All pictures are to be skipped; retype only the lines from the top of the entries through the line with "Metal, De Bonar,veronica.", both included.

(Image-caption web data)
********************

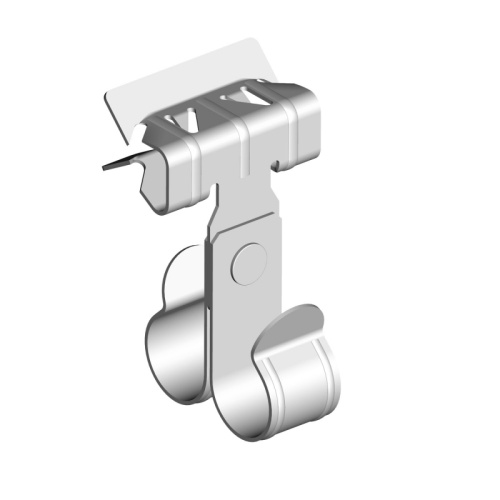 Зажим балочный 15-20 мм под трубу 25 мм двойной Промрукав | код PR08.5856 | ПРОМРУКАВ Зажим балочный 15-20 мм под трубу 25 мм двойной Промрукав | код PR08.5856 | ПРОМРУКАВ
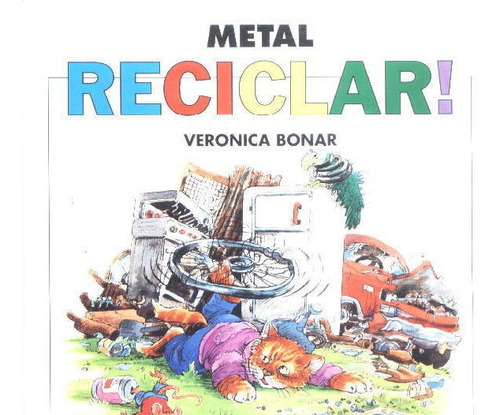 Metal, De Bonar,veronica. Editora Scipione (paradidaticos) - Grupo Somos K12, Capa Mole Em Português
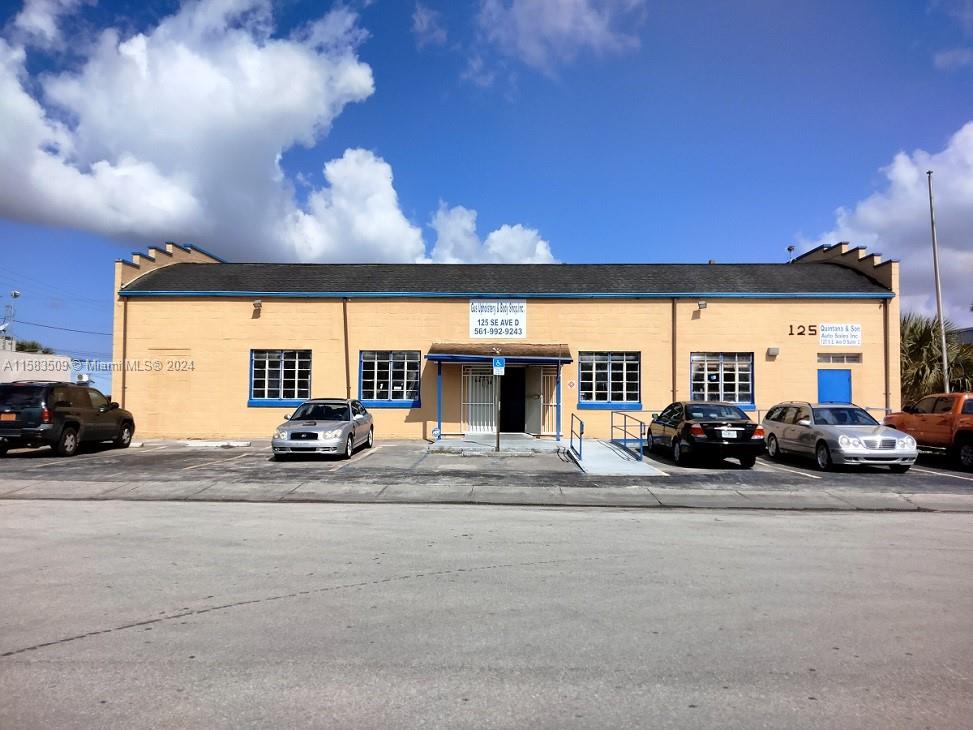 Redevelopment Opportunity to build a multifamily building or keep as storage for your existing business. Well Established Tire, Mechanic, Upholstery & Body Shop business and Real Estate for sale in the City of Belle Glade, Florida. Family-owned and Operated with most permits and certifications up to date. The Business has been in existence at this location for over 20+ Years; clientele includes city and county vehicles and local businesses. The business also includes a paint spray booth for body shop work, upholstery tables, vehicle lifts, and tire equipment. This Industrial Building has a large lobby/waiting area, 2 bathrooms, an inventory/storage room, and enough on-site parking spaces for a Dealership. Potential Rental Value $12-$15 per SF per YEAR. By appointment only.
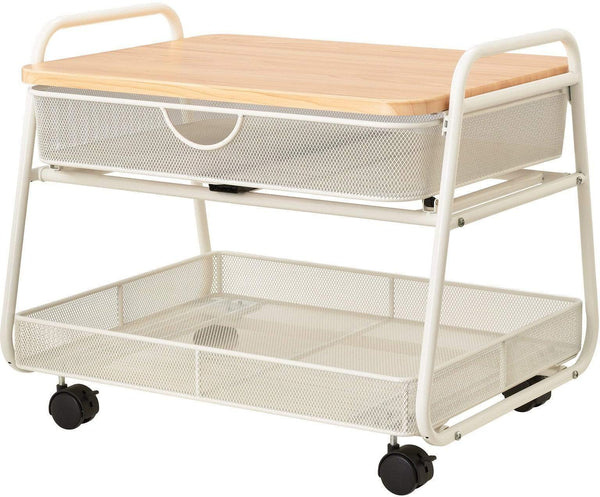 Safco Onyx Under-Desk Machine Stand [5208] Safco White Machine Stand 5208WH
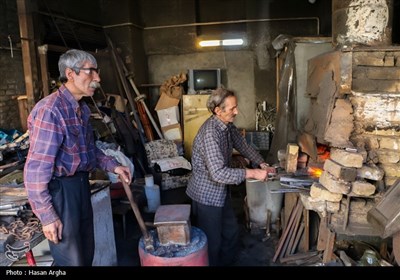 صنعت آهنگری در زنجان به‌شماره افتاده است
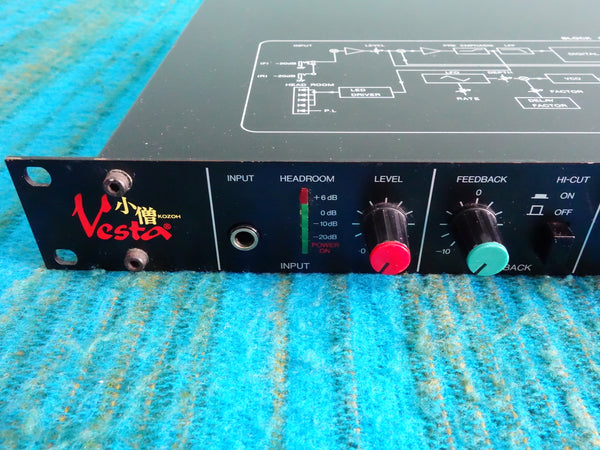 Vesta Kozo DIG-410 Digital Delay - 80's Vintage - Serviced - K051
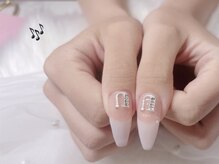 ミュールネイル(mieur nail)/イニシャルパーツご用意あります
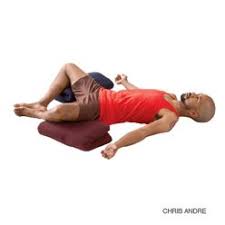 Reclining Bound Angle Pose Supta Baddha Konasana Yoga Pose Restorative Yoga Poses Yoga Journal Yoga Poses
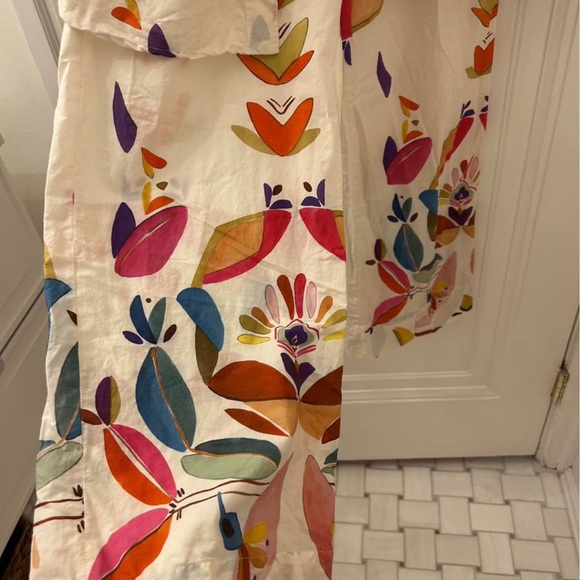 Zara Colorful Leaf Print Set - Picture 6 of 7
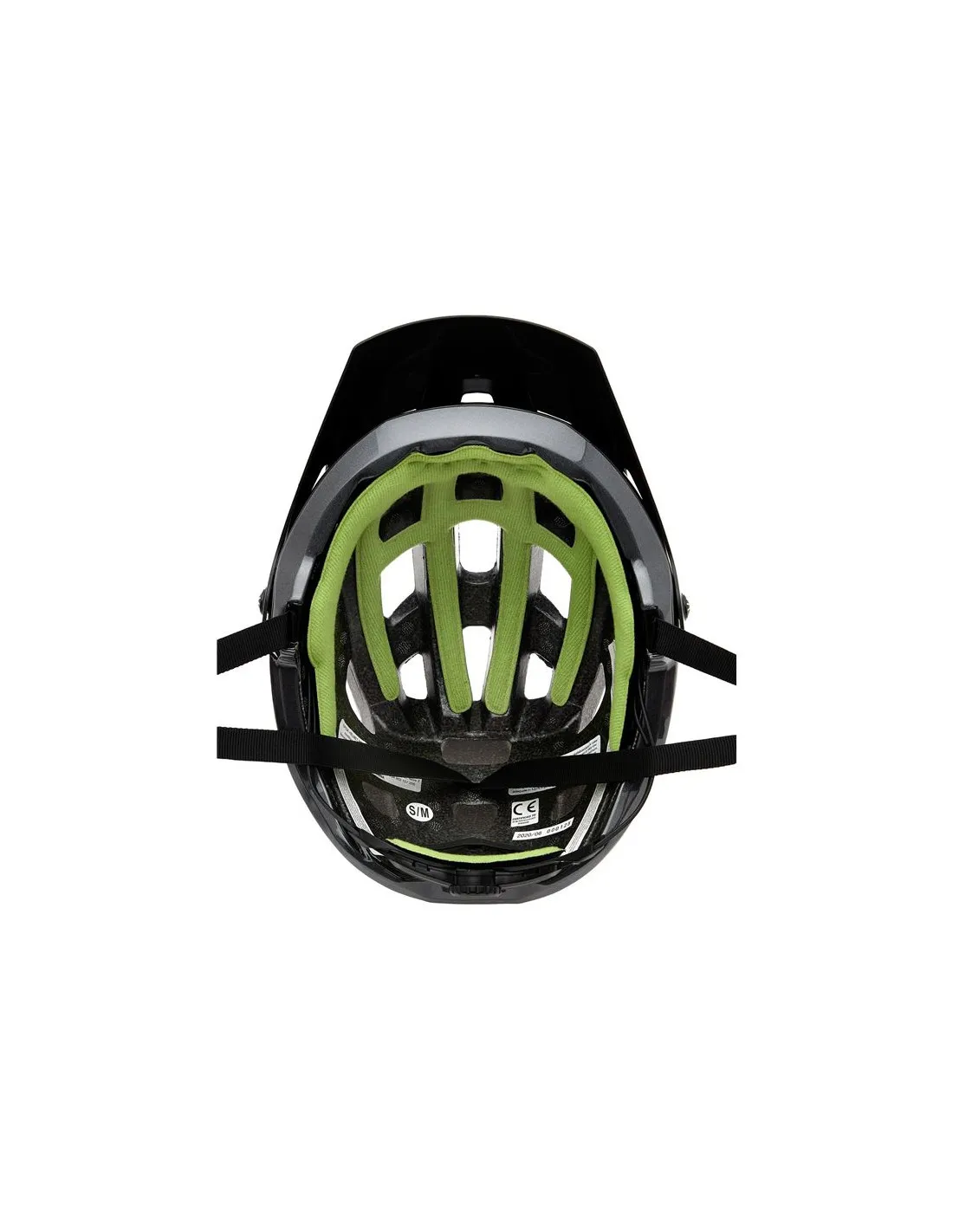 Casco de Ciclismo Spiuk Dolmen Unisex Negro/Antracita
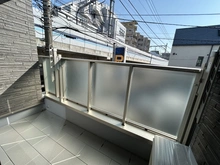 【東京都/大田区仲六郷】仲六郷4丁目新築戸建 バルコニー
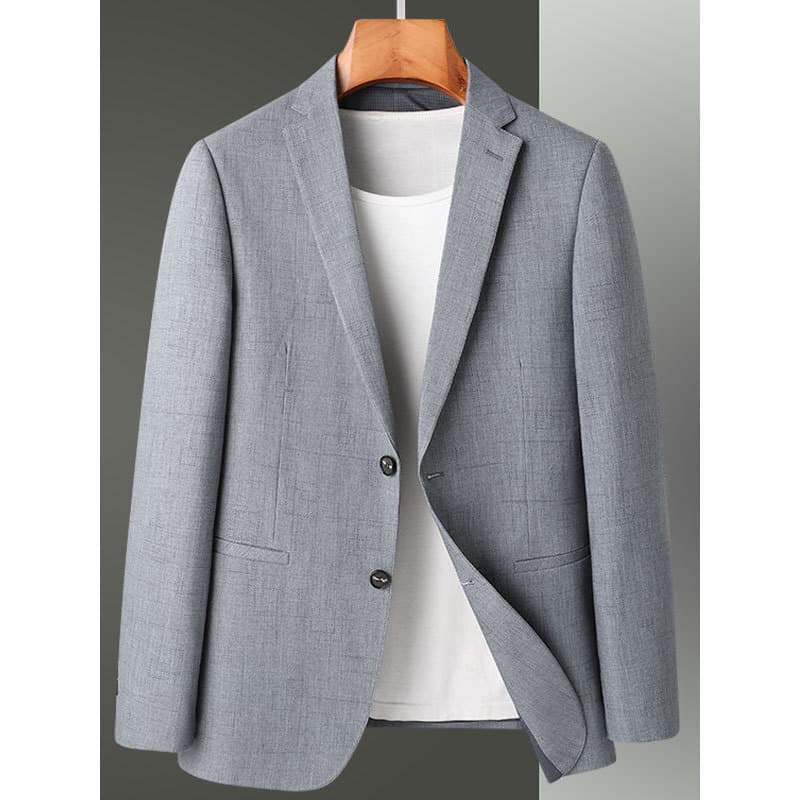 Terno Casual jaqueta masculina primavera outono estilo negócios roupas masculinas juventude de meia-idade terno outono n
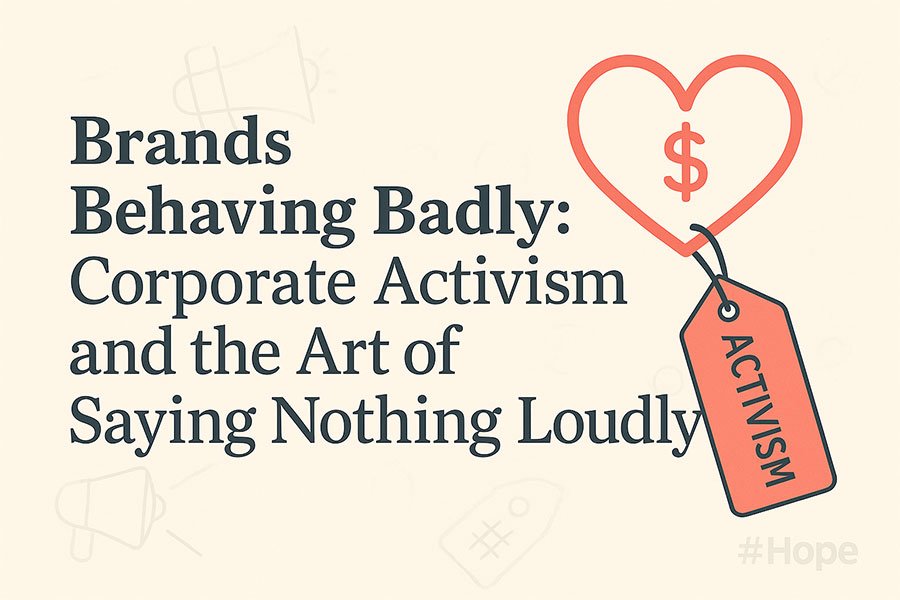 Brands Behaving Badly: Corporate Activism and the Art of Saying Nothing Loudly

********************

* _REPLY TO THE EXERCISE_
 Зажим балочный 15-20 мм под трубу 25 мм двойной Промрукав | код PR08.5856 | ПРОМРУКАВ Зажим балочный 15-20 мм под трубу 25 мм двойной Промрукав | код PR08.5856 | ПРОМРУКАВ
 Metal, De Bonar,veronica. Editora Scipione (paradidaticos) - Grupo Somos K12, Capa Mole Em Português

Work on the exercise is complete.